Dile kolay 2 bel fıtığı ameliyatı, 2 adet köprücük kemiği platini takma-çıkarma, 1 adet fizik tedavisi 7 ay süren donuk ve çatlak omuz, bir adet diz kapağında kemik iliği ödemi ve menüsküs yırtığı ve yıllar önce ki trafik kazamdan yadigâr boyun düzleşmem… Şimdi yazarken bile nefessiz kalıyorum. Nasıl oldu bunlar derseniz ben hepsinin yanıtını biliyorum. Ama nasıl geçti derseniz işte onu anlatırım.
İstanbul’u terk edip hayatıma düzenli sporu ve sağlıklı beslenmeyi sokmadım sadece, bana faydası olmayan her türlü eşya ve insanı da hayatıma sokmadım mesela… Sadece tüm sahteliklerden uzak gerçek doğada aylar günler geçirmedim, bana ait olmayan, başkalarının tüm yargılarını asla kabul etmemem gerektiğini ve kusurlarımla önce kendimi kabul etmem gerektiğini öğrendim mesela.

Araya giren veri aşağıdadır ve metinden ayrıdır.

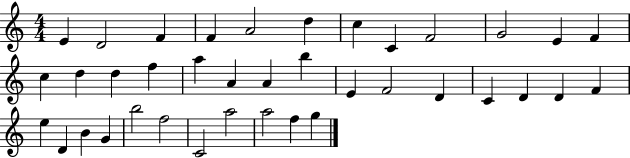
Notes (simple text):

E4/q D4/h F4/q F4/q A4/h D5/q C5/q C4/q F4/h G4/h E4/q F4/q C5/q D5/q D5/q F5/q A5/q A4/q A4/q B5/q E4/q F4/h D4/q C4/q D4/q D4/q F4/q E5/q D4/q B4/q G4/q B5/h F5/h C4/h A5/h A5/h F5/q G5/q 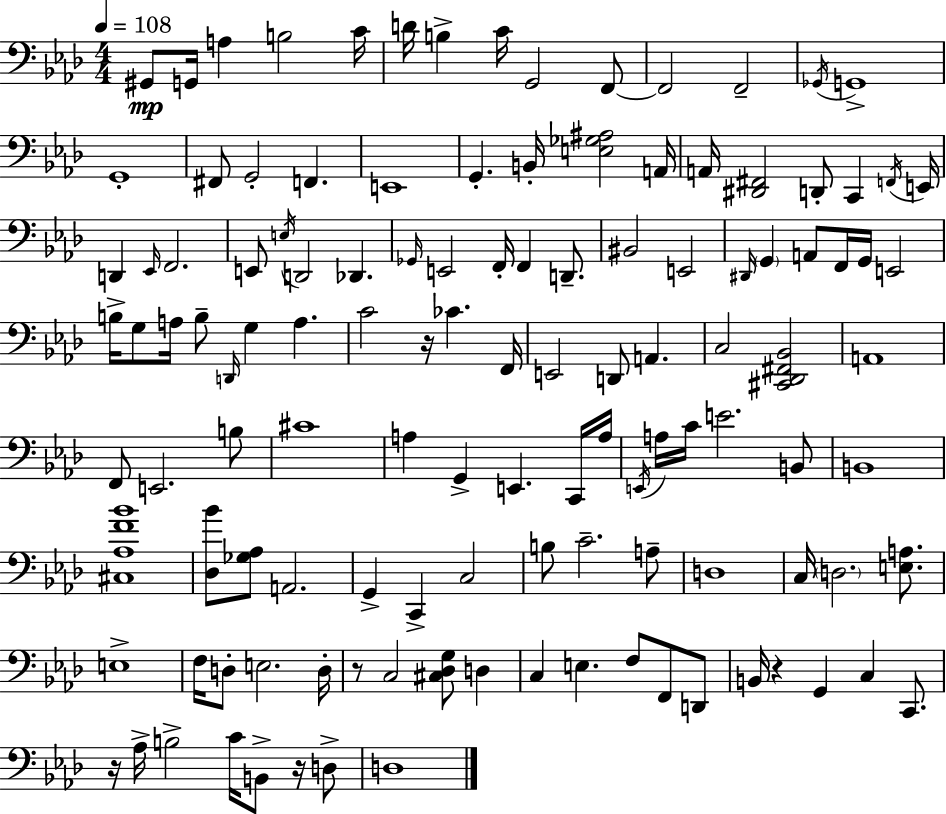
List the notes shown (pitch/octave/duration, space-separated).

G#2/e G2/s A3/q B3/h C4/s D4/s B3/q C4/s G2/h F2/e F2/h F2/h Gb2/s G2/w G2/w F#2/e G2/h F2/q. E2/w G2/q. B2/s [E3,Gb3,A#3]/h A2/s A2/s [D#2,F#2]/h D2/e C2/q F2/s E2/s D2/q Eb2/s F2/h. E2/e E3/s D2/h Db2/q. Gb2/s E2/h F2/s F2/q D2/e. BIS2/h E2/h D#2/s G2/q A2/e F2/s G2/s E2/h B3/s G3/e A3/s B3/e D2/s G3/q A3/q. C4/h R/s CES4/q. F2/s E2/h D2/e A2/q. C3/h [C#2,Db2,F#2,Bb2]/h A2/w F2/e E2/h. B3/e C#4/w A3/q G2/q E2/q. C2/s A3/s E2/s A3/s C4/s E4/h. B2/e B2/w [C#3,Ab3,F4,Bb4]/w [Db3,Bb4]/e [Gb3,Ab3]/e A2/h. G2/q C2/q C3/h B3/e C4/h. A3/e D3/w C3/s D3/h. [E3,A3]/e. E3/w F3/s D3/e E3/h. D3/s R/e C3/h [C#3,Db3,G3]/e D3/q C3/q E3/q. F3/e F2/e D2/e B2/s R/q G2/q C3/q C2/e. R/s Ab3/s B3/h C4/s B2/e R/s D3/e D3/w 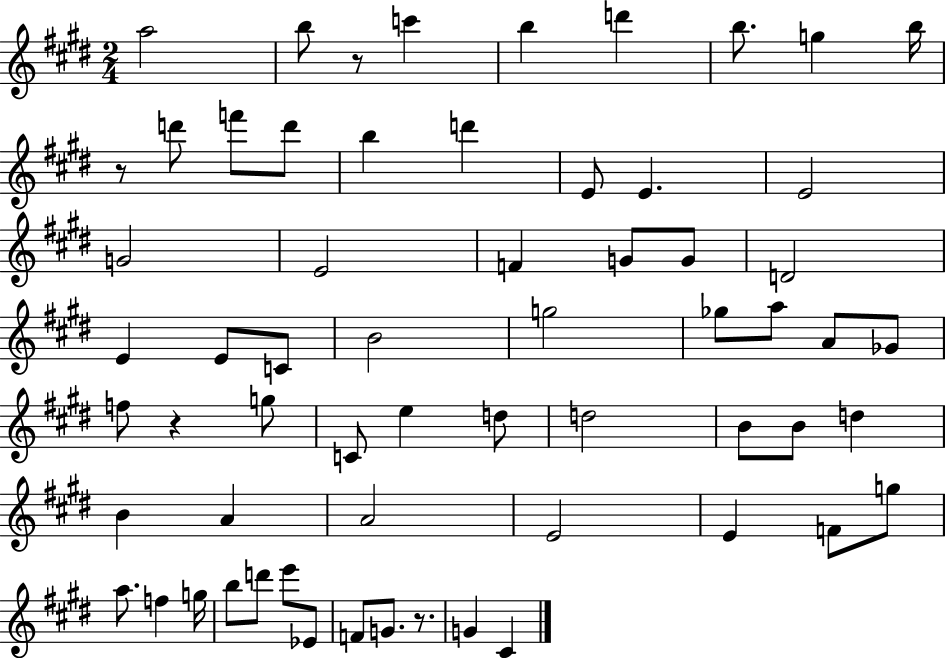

Mesela kendimi en çok sakatlıklarım ve marazlarımla da sevmeyi öğrendim mesela, o düz durmayan dizimi her sabah öpüp okşadım, o sabahları yataktan zor kalkmama sebep olan o belime her sabah şefkat gösterdim.
Durmayı öğrendim. Bir de durmanın da en zor eylem olduğunu, sabretmenin aslında benim de başarabileceğim bir şey olduğunu… Ve her gün ve her gün yeniden yeni baştan başlasam da bedenin inanılmaz bir güce sahip olduğunu öğrendim. Yogayı, pilatesi öğrendim. Her yerde her zaman bedenimi dinlemeyi de öğrendim tabi ki.